Toronto’s election will proceed with the reduced wards imposed by Premier Doug Ford’s council-slashing bill, the Court of Appeal has ruled.
“While the change brought about by Bill 5 is undoubtedly frustrating for candidates who started campaigning in May 2018, we are not persuaded that their frustration amounts to a substantial interference with their freedom of expression,” wrote the justices in their decision on Wednesday morning.
Bill 5 – or the Better Local Government Act – which went through its first reading on July 30, would cut Toronto’s city council from 47 wards to 25 in the middle of an ongoing election campaign.
Last week, Superior Court Justice Edward Belobaba said Bill 5 would infringe on Charter rights to freedom of expression, a ruling appealed by the provincial government. The Ford government also threatened to use the rarely-invoked notwithstanding clause to overrule Belobaba’s decision.
On Tuesday, intervenors argued that a panel of three justices should not consider the threat of Ontario’s unprecedented use of the notwithstanding clause in their decision-making.
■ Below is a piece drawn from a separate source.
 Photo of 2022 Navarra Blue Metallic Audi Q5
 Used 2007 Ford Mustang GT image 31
At 10 a.m. Wednesday, Court of Appeal justices wrote that Bill 5 did not, in fact, meaningfully interrupt rights to freedom of expression.
Justices Alexandra Hoy, Robert Sharpe and Gary Trotter found that Belobaba may have “erred in law” by deciding that the timing of the bill resulted in a violation of constitutional rights.
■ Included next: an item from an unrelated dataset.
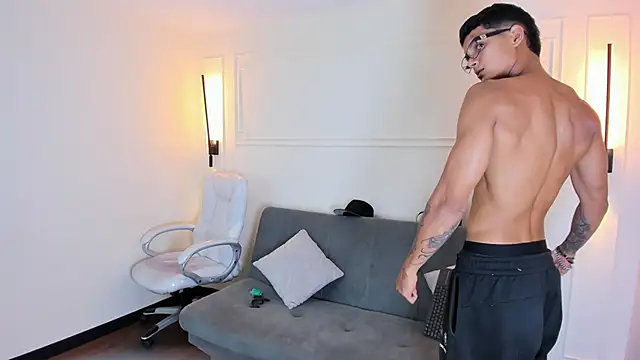 Paradise boy s online show from 09.09.25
“The question for the courts is not whether Bill 5 is unfair but whether it is unconstitutional,” they wrote.
The minister of municipal affairs and housing, who first introduced the legislation on July 30, reiterated in a statement Wednesday that the Court of Appeal’s stay means they don’t have to push on with Bill 31.
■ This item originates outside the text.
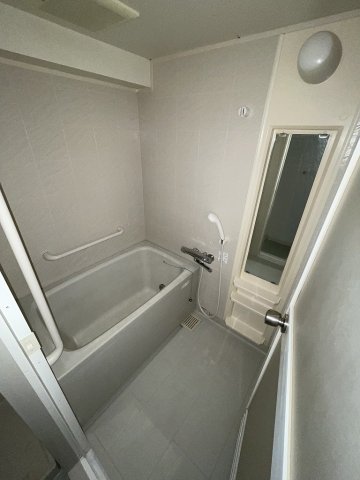 バス・シャワールーム　別のお部屋の写真です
“We will continue working with the Toronto City Clerk to provide every support possible to help with the administration of the election on October 22nd,” wrote Steve Clark.
“This is a very positive result for the people of Toronto. It is time to put the political games behind us. We look forward to working with a City Council that is actually able to get housing, transit and infrastructure built.”
Legal counsel for the City of Toronto made clear in the stay hearing that the Crown had failed to provide evidence that a reduced council size would translate to more efficient local government.
“No other municipality has had this imposed on them,” Diana Dimmer reminded the court.
“The onus is on the province to come forward with evidence that their own interests are irreparably harmed by a 47-ward election.”
Government, opposition trade barbs
An hour after the stay decision was released, Steve Clark and NDP Leader Andrea Horwath traded barbs during Question Period. Ford was in Washington, D.C. Wednesday for NAFTA meetings.
“Bill 5 was introduced by the minister on July 30. But the ministry says that there are no records of the ministry being told to draft the bill,” said Horwath. “But I’m guessing it didn’t appear by magic, so did the all-star minister of municipal affairs and housing draft Bill 5?”
On Monday, NDP member Jessica Bell made public a freedom of information request that showed there were no records found for consultation on Bill 5.
“This is just more political games from the opposition,” said Clark. “I didn’t do a freedom of information on the NDP to find out if they ever used the words ‘efficient and effective local government.’ I think I know there would be no responsive records to that either.”
'Obviously we're not happy with this result'
In an email to National Observer, Gavin Magrath, who represented lawyer and city council candidate Rocco Achampong in the court proceedings, said the Ford government put the court in a strange position.
"Obviously we're not happy with this result," Magrath wrote. "In my view the province came before the court taking the position that it would only respect the court's judgment if it sided with the Crown, which is like many aspects of this case unprecedented and possibly even an abuse of process."
Several first-time candidates who have been fighting Bill 5 as intervenors have said they will not continue to run in a 25-ward system. The legislation was introduced after candidates had registered to run for the 47-ward council.
“I just feel really disappointed,” would-be candidate Chris Moise told reporters Wednesday. “But it’s not over yet – the appeal is still going forth at a later date. Everything is uncertain right now. I got into this because I believe we need a diverse city council. In the 25-ward model, we’re going to have less diversity.”
Moise, who was running in the new city boundary of Ward 25, has said he will not compete in the reduced system.
Ontario Green Party Leader and Guelph MPP Mike Schreiner says there is “question of legitimacy hanging over the Toronto election,” with or without the stay.
“Even though Bill 5 might be legal, it is not right. The premier made a choice to manufacture a crisis rather than respect the people of Toronto by following a proper consultation process to determine the proper size of council,” said Schreiner in a statement.
“This debacle is a window into the extreme measures the Premier will take to get his way. He will waste taxpayers’ money on lawsuits. He will disrespect the judicial system and the rule of law. And he will even sacrifice our democracy in order to consolidate his power.
“The Premier says government should have less power. But his actions say the opposite. Premier Ford will use any means to increase the power of government to pursue his personal political agenda.”
Editor's note: This story was updated with more details at 12:03 p.m., 12:40 p.m. and 1:28 p.m. EST on Wed. Sept. 19, 2018.